So question demands a proof that:
Let $$x_n = \frac 12 * \frac34 * \frac56 * … * \frac{2n-1}{2n} $$
Then show that;
$$x_n \leq \frac 1{\sqrt{3n +1}} $$
So essentially what I have tried to do is use the formulas for the product of first N odd numbers and product of first N even numbers. This gives me that
$$x_n = \frac{^{2n} C_n}{2^{2n}} $$
I have no clue if I have taken the right road.
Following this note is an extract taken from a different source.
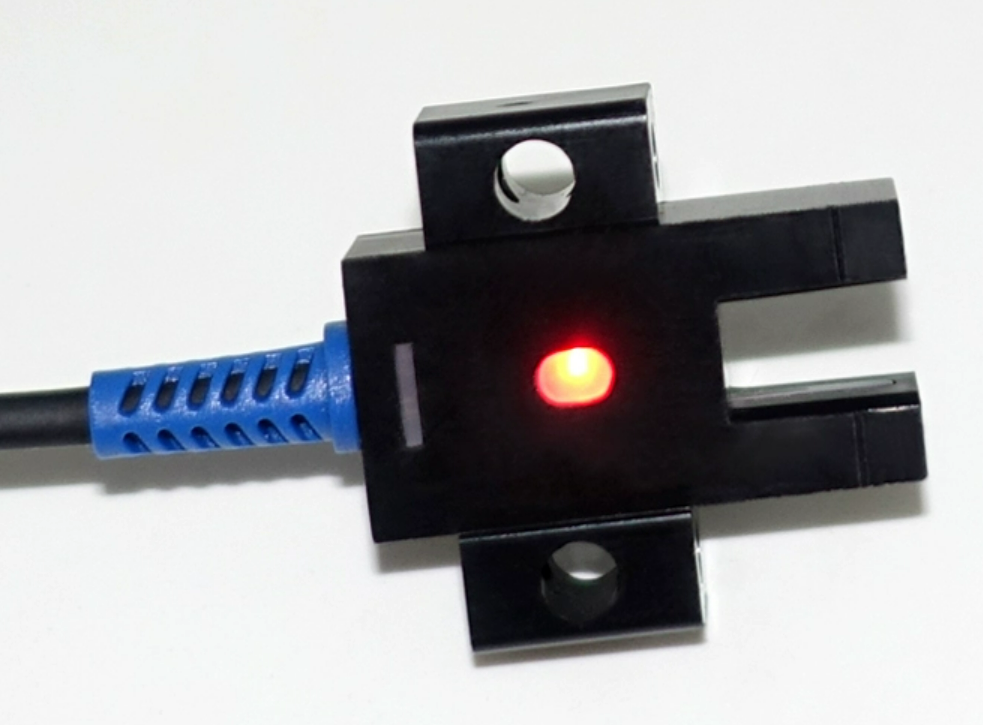 Board mounted t/u dark on micro ir slot type photoelectric switch slotted opto switch 12V sensors photo slotted optical se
Can any one help me out with this proof ? Thanks
Best Answer
Here's a sketch of a proof by induction; the base case is easy checked as for $n=1$ you have $$x_1=\frac{1}{2}\leq\frac{1}{\sqrt{3\cdot1+1}}.$$ Then the induction step; suppose $x_n\leq\frac{1}{\sqrt{3n+1}}$ for some $n\geq1$. We want to show that this implies $$x_{n+1}\leq\frac{1}{\sqrt{3(n+1)+1}}.$$ By definition of $x_{n+1}$ and $x_n$, and by the induction hypothesis, we have $$x_{n+1}=\frac{2n+1}{2n+2}x_n\leq\frac{2n+1}{2n+2}\frac{1}{\sqrt{3n+1}},$$ so now it suffices to show that $$\frac{2n+1}{2n+2}\frac{1}{\sqrt{3n+1}}\leq\frac{1}{\sqrt{3(n+1)+1}}.$$ Clearing denominators and squaring (where we use that all terms are positive) shows that this is equivalent to $$(2n+1)^2(3n+4)\leq(2n+2)^2(3n+1),$$ and expanding both sides yields the obviously true statement $$12n^3+28n^2+19n+4\leq12n^3+28n^2+20n+4.$$